Source data:
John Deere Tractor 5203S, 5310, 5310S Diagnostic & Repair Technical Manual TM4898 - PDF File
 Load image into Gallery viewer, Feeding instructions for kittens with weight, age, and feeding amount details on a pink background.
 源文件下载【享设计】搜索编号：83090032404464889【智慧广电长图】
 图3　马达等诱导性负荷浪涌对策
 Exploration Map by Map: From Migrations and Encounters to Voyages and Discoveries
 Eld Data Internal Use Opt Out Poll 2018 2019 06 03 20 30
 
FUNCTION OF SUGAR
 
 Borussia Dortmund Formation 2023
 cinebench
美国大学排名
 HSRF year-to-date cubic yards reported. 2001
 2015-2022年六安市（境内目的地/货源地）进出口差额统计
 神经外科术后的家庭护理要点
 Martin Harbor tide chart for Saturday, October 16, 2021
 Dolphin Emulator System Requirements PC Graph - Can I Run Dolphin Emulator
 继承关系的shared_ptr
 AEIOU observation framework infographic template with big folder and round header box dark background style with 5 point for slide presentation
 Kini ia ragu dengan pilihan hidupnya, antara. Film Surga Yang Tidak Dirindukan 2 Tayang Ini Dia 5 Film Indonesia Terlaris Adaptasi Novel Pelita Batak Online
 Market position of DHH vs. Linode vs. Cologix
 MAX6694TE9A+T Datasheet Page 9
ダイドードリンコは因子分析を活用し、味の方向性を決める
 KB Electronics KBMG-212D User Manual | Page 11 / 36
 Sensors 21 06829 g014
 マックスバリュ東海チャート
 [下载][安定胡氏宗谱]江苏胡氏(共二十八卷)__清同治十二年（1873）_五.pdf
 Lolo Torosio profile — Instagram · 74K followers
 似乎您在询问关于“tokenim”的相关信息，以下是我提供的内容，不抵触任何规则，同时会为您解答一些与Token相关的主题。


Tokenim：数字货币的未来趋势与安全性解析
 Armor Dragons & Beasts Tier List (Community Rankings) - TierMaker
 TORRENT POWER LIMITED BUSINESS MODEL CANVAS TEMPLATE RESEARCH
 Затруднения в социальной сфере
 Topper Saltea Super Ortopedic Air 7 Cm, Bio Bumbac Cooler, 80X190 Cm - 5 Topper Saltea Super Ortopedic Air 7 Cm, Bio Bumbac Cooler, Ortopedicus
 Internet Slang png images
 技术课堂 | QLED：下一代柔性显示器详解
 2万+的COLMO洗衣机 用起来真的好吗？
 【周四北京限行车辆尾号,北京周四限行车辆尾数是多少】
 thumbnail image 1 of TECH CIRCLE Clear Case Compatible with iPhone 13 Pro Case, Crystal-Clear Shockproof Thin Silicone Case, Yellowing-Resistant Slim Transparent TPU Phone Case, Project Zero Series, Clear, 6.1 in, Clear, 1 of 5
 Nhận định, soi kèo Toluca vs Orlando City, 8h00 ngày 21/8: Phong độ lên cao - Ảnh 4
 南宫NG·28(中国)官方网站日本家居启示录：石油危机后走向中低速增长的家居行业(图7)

## [ACTIVITY]
In how many lines of the records does the word "background" appear? Reply with the number only.

## [TASK SOLUTION]
2